FCTSA League
- Season: 1926
- Dates: 15 May 1926 – 4 September 1926
- Matches played: 30
- Goals scored: 56 (1.87 per match)
- Biggest away win: Canberra 0–10 Molonglo (22 May 1926)

= 1926 Federal Capital Territory Soccer Football Association season =

The 1926 Capital Football season was the first Capital Football season.

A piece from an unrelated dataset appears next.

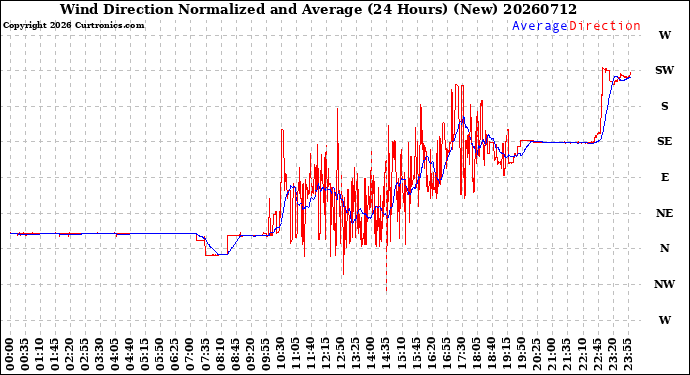 Milwaukee Weather Wind Direction<br>Normalized and Average<br>(24 Hours) (New)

Burns FC won their first FCTSA League title in their history by an 8-point margin over Molonglo.

==1926 FCTSA League==

The 1926 FCTSA League is the first season of the FCTSA League, the former top Australian professional soccer league in the Capital Football.

===Teams===
- Burns
- Canberra
- Capitol Hill
- Molonglo
- Northbourne

===League table===

| Pos | Team | Pld | W | D | L | GF | GA | GD | Pts |
|---|---|---|---|---|---|---|---|---|---|
| 1 | Burns (C) | 12 | 11 | 0 | 1 | 23 | 8 | +15 | 22 |
| 2 | Molonglo | 12 | 7 | 0 | 5 | 14 | 6 | +8 | 14 |
| 3 | Capitol Hill | 12 | 6 | 1 | 5 | 12 | 16 | −4 | 13 |
| 4 | Northbourne | 12 | 3 | 0 | 9 | 7 | 12 | −5 | 6 |
| 5 | Canberra | 12 | 2 | 1 | 9 | 0 | 14 | −14 | 5 |

===Results===

| Home \ Away | BUR | CAN | CAP | MOL | NOR | BUR | CAN | CAP | MOL | NOR |
|---|---|---|---|---|---|---|---|---|---|---|
| Burns | — | — | — | 0–2 | — | — | — | — | — | — |
| Canberra | — | — | 0–4 | 0–10 | — | — | — | — | — | — |
| Capitol Hill | 2–4 | 0–0 | — | — | 0–2 | 1–6 | — | — | — | — |
| Molonglo | 2–6 | — | — | — | — | — | — | — | — | — |
| Northbourne | 1–7 | — | 4–5 | — | — | — | — | — | — | — |

==1926 FCTSA Cup==

The 1926 FCTSA Cup was the first edition of the FCTSA Cup.